On Sunday morning, Iran’s Atomic Energy Organization reported an accident at the Natanz nuclear site adding there were no casualties or environmental pollution.

Iranian Foreign Minister Javad Zarif has blamed Israel on Monday for the sabotage of the Natanz nuclear site.

“The Zionists want to take revenge because of our progress in the way to lift sanctions … they have publicly said that they will not allow this. But we will take our revenge from the Zionists,” Zarif was quoted as saying by state TV.

According to Zarif, Israel “has publicly announced that it will not allow us to make progress in lifting restrictions, and it believes that it has succeeded in it.”

The foreign minister added that, in response, his country will “achieve new breakthroughs in the nuclear development.”

Zarif went on to say that this “sabotage act” at the Natanz nuclear power plant will not weaken Tehran’s position in the negotiations.

“The negotiating parties [in Vienna] should know that the Natanz reactor will henceforth be equipped with advanced centrifuges with high [uranium] enrichment capabilities,” Zarif added.

Iranian foreign ministry spokesman Saeed Khatibzadeh later said that the Natanz attack was aimed at affecting JCPOA negotiations.

According to Khatibzadeh, IR-1 uranium enrichment centrifuges were damaged in the incident.

“If the Natanz attack was aimed at slowing down our nuclear production, it failed,” the spokesman added, promising that “Israel will face a response in due time and place.”

On the morning of April 11, an explosion occurred at a uranium enrichment plant in Natanz, in the Isfahan province in central Iran.

Head of Iran’s Atomic Energy Organization Ali Akbar Salehi defined the incident as an “act of nuclear terrorism,” saying that Tehran reserves the right to respond to those responsible for the attack.

The explosion is reportedly a devastating blow to Iran’s ability to enrich uranium and it could take at least 9 months to resume work in the facility.

Khatibzadeh, however, said that Iran will replace the damaged uranium enrichment centrifuges with more advanced ones. The attack will not slow down nuclear production in Iran, he said.

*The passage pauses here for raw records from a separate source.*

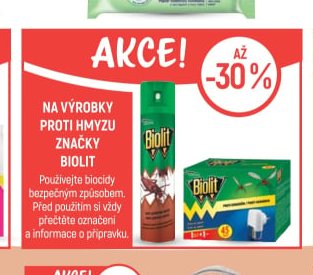 Biolit prostředky proti hmyzu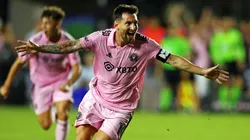 Lionel Messi ya sería dueño de un porcentaje del Inter Miami. Getty Images.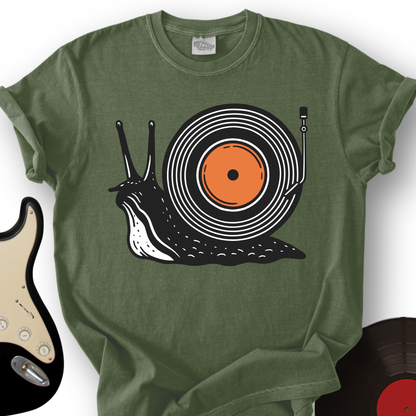 Vinyl Snail T-Shirt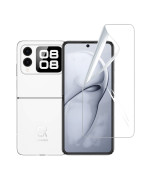 Гидрогелевая пленка Hydrogel Film для Huawei Nova Flip, Transparent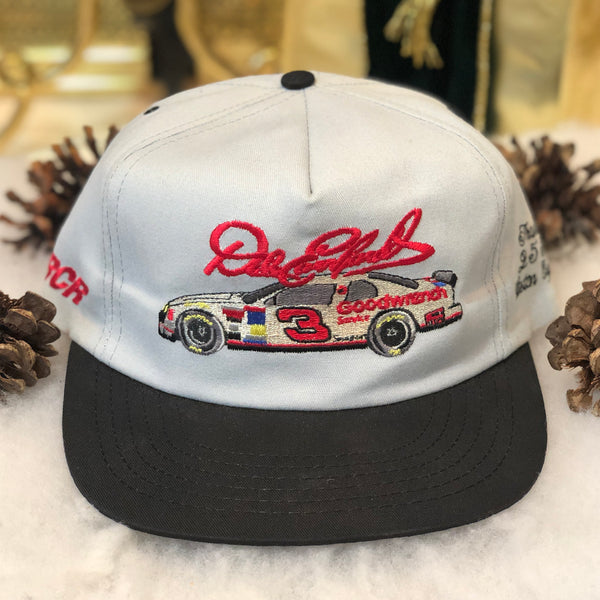 Vintage Deadstock NWOT NASCAR Dale Earnhardt "Thanks for 25 Years" Twill Snapback Hat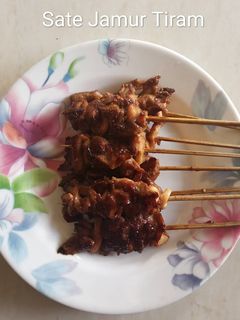 Foto resep Sate Jamur Tiram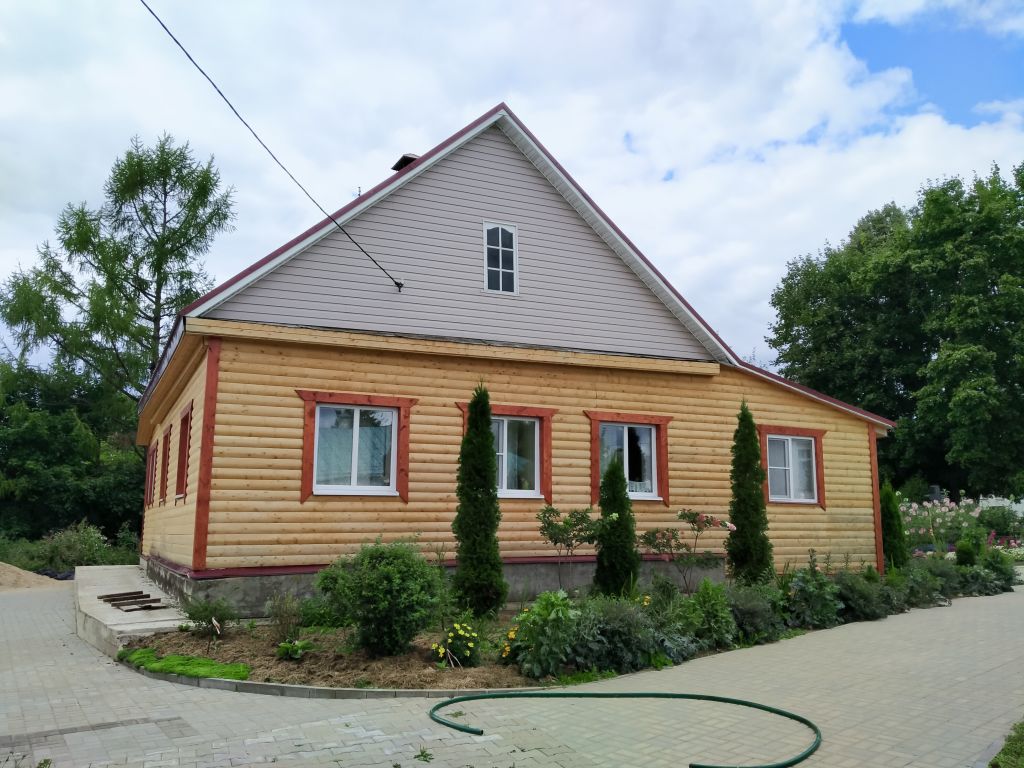 Успенский Колоцкий монастырь, Колоцкое (Можайский городской округ, Московская область). дополнительная информация, территория монастыря (настоятельский домик)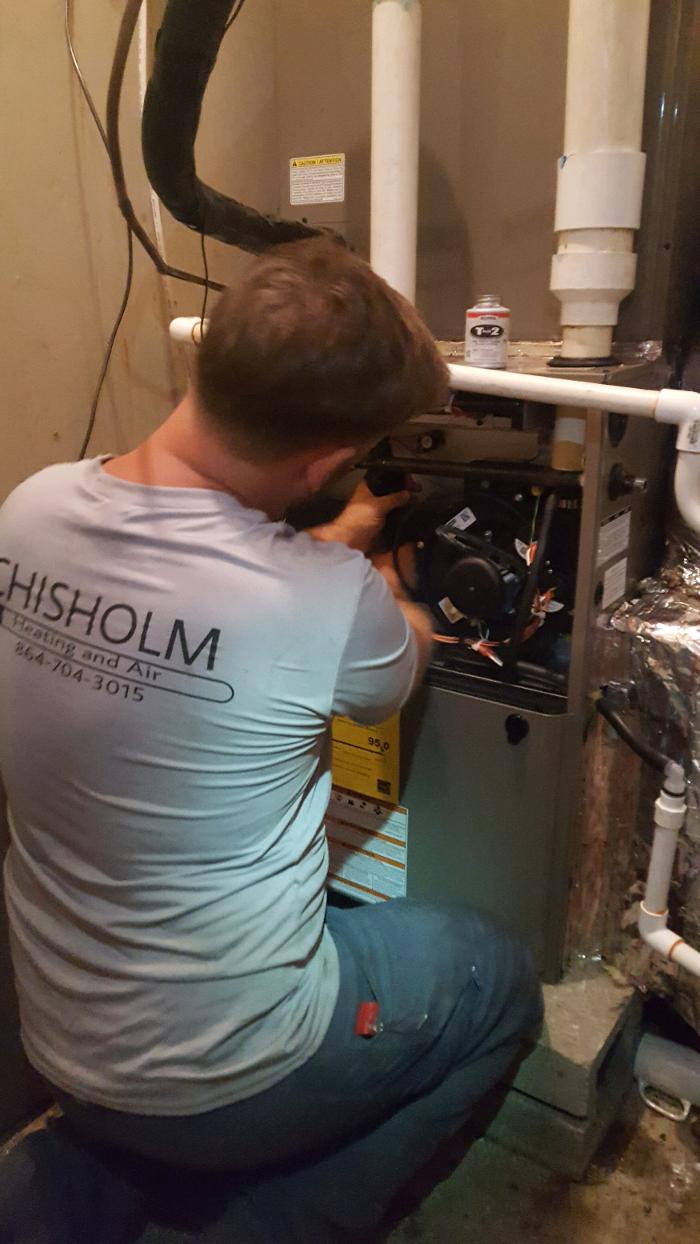 Chisholm Plumbing, Heating & Air Conditioning - Greer, SC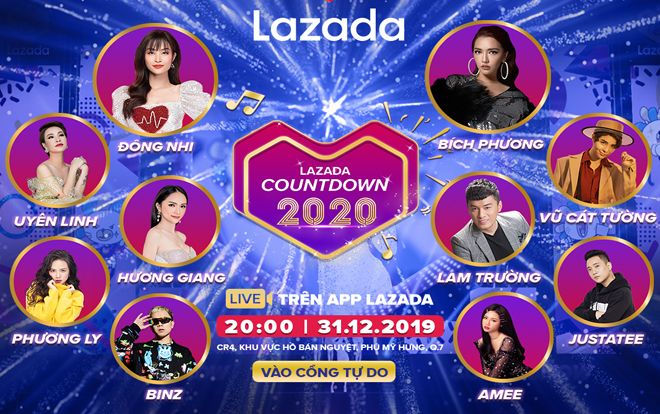 Điểm check-in lý tưởng đón chào năm mới 2020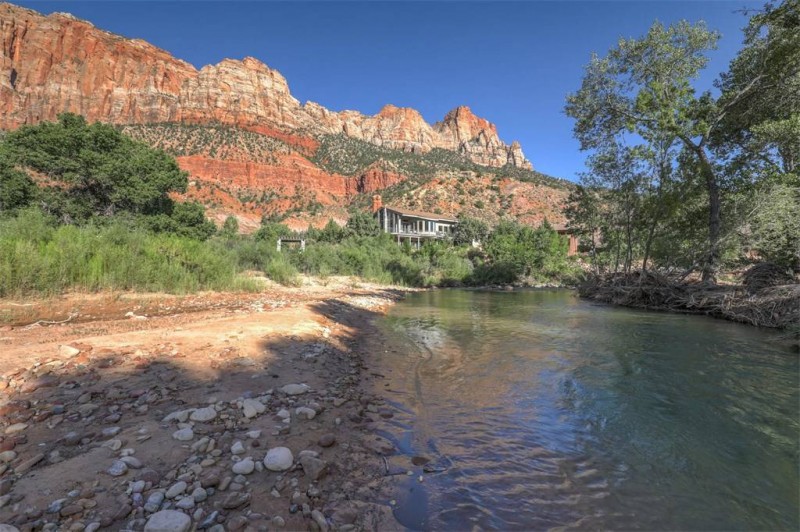 Интерьер резиденции в Спрингдейл, Юта Интерьер резиденции в Спрингдейл, Юта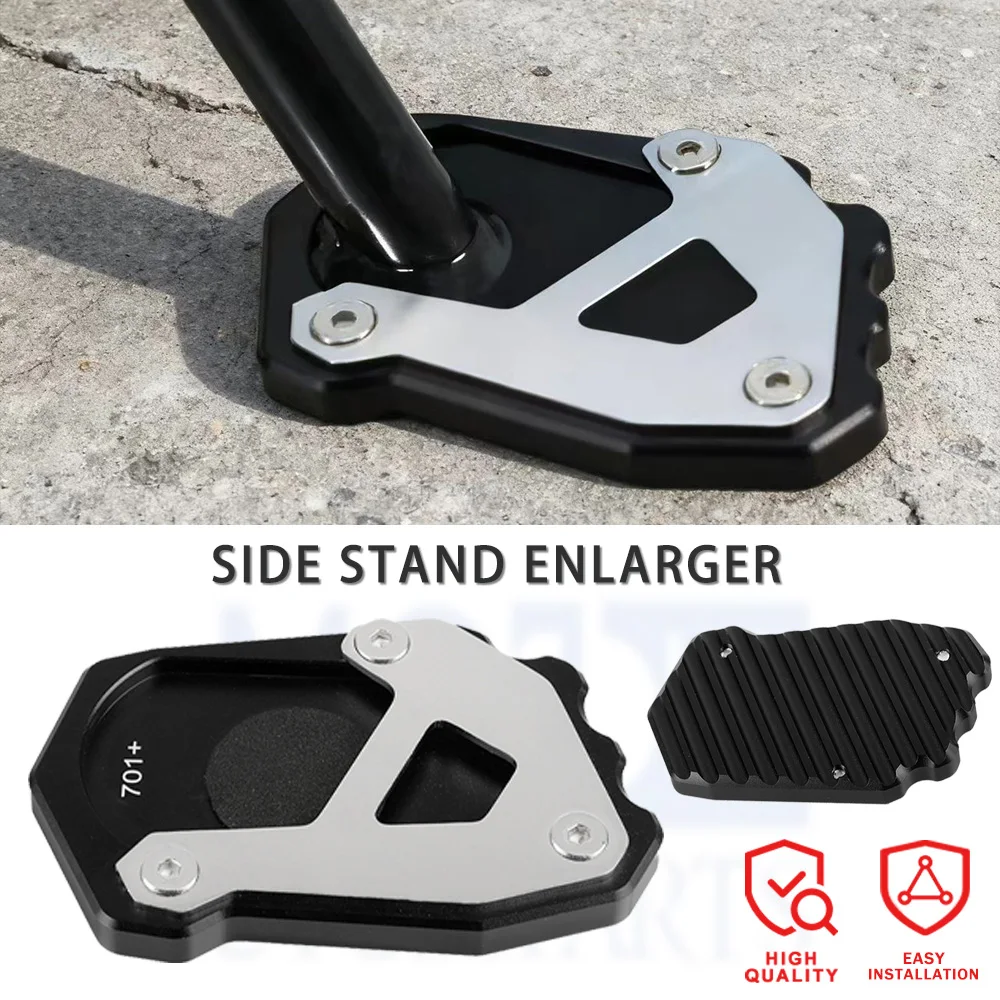 

R 1250 1200 GS FOR BMW R1250GS Adventure R1250 GS ADV 2019-2023 R1200GS ADVENTURE Motor Side Stand Enlarge Kickstand Extension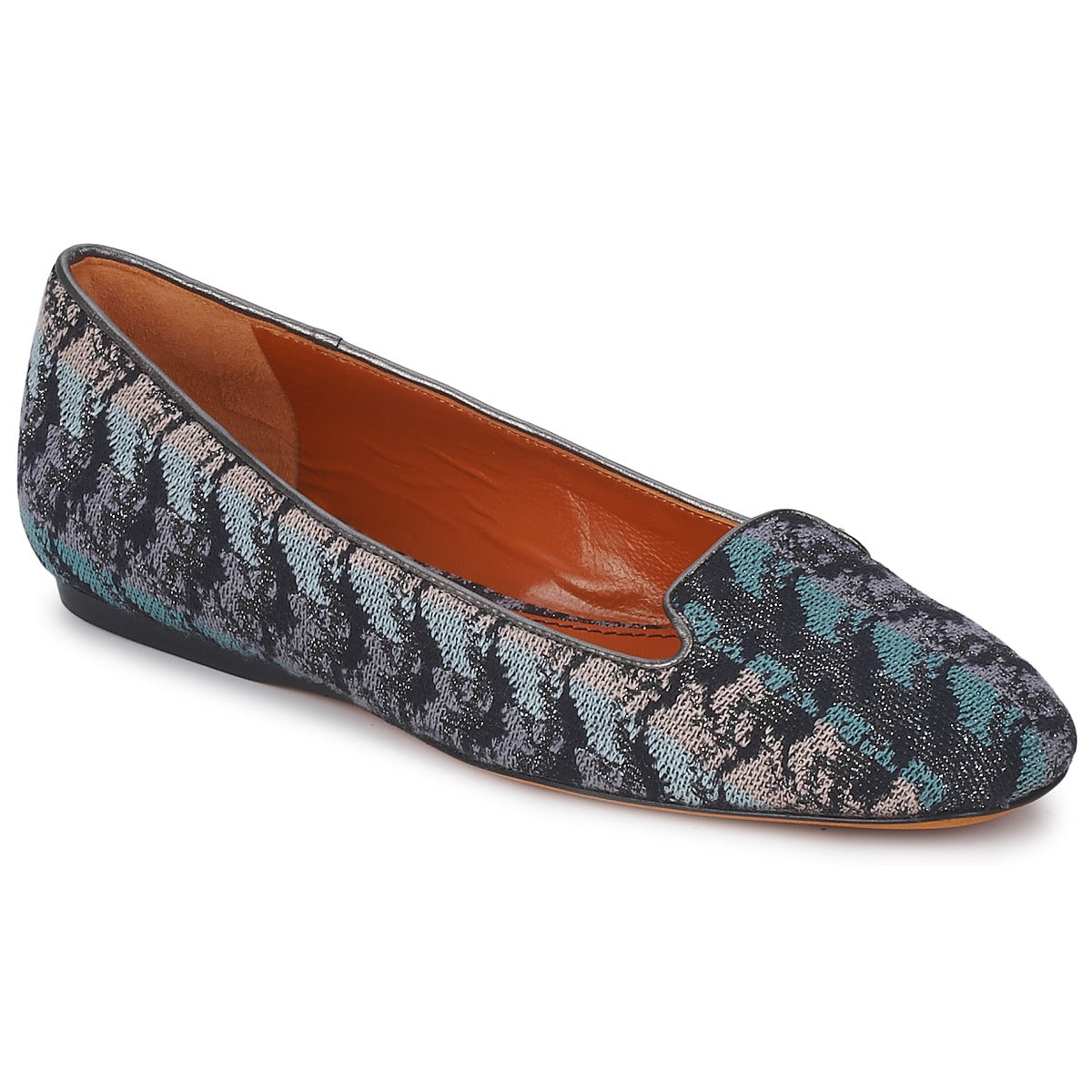 Scarpe donne Missoni  WM004  Blu 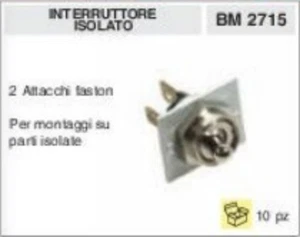 INTERRUTTORE SPEGNIMENTO DECESPUGLIATORE UNIVERSALE OFF stihl husqvarna alpina 2 - Picture 1 of 1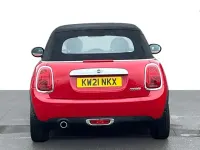 Used Mini Cooper Cabriolet Exclusive 2021 Red Cabriolet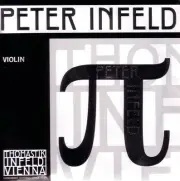 Peter Infeld Violin String Set 4/4 Gold E-Silver D
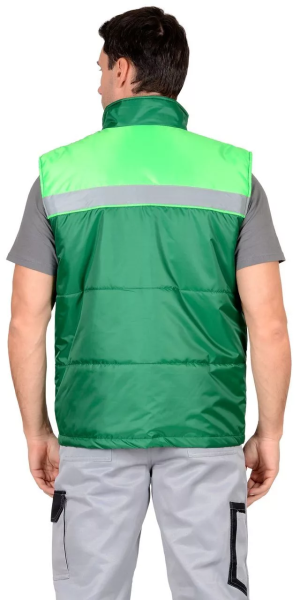 Жилет утепленный ОЗЕЛЕНИТЕЛЬ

Later on Sunday The New York Times reported, citing unnamed sources within US and Israeli intelligence, that the incident was caused by a “deliberately planned explosion”. The newspaper also claimed that the Natanz incident was a “classified Israeli operation”.

The incident at the Natanz plant took place amid the Vienna talks dedicated to bringing back the US, which withdrew from the Joint Comprehensive Plan of Action (JCPOA).

In 2018, Donald Trump during his term pulled out the US from the so-called nuclear deal that required that Iran scale back its nuclear programme and downgrade its uranium reserves in exchange for sanctions relief.

The Israeli government has always been opposed to the nuclear deal, with Prime Minister Benjamin Netanyahu recently saying that Israel was not going to rely on the Iran nuclear agreement and would “do everything” to prevent Tehran from getting hold of nuclear weapons.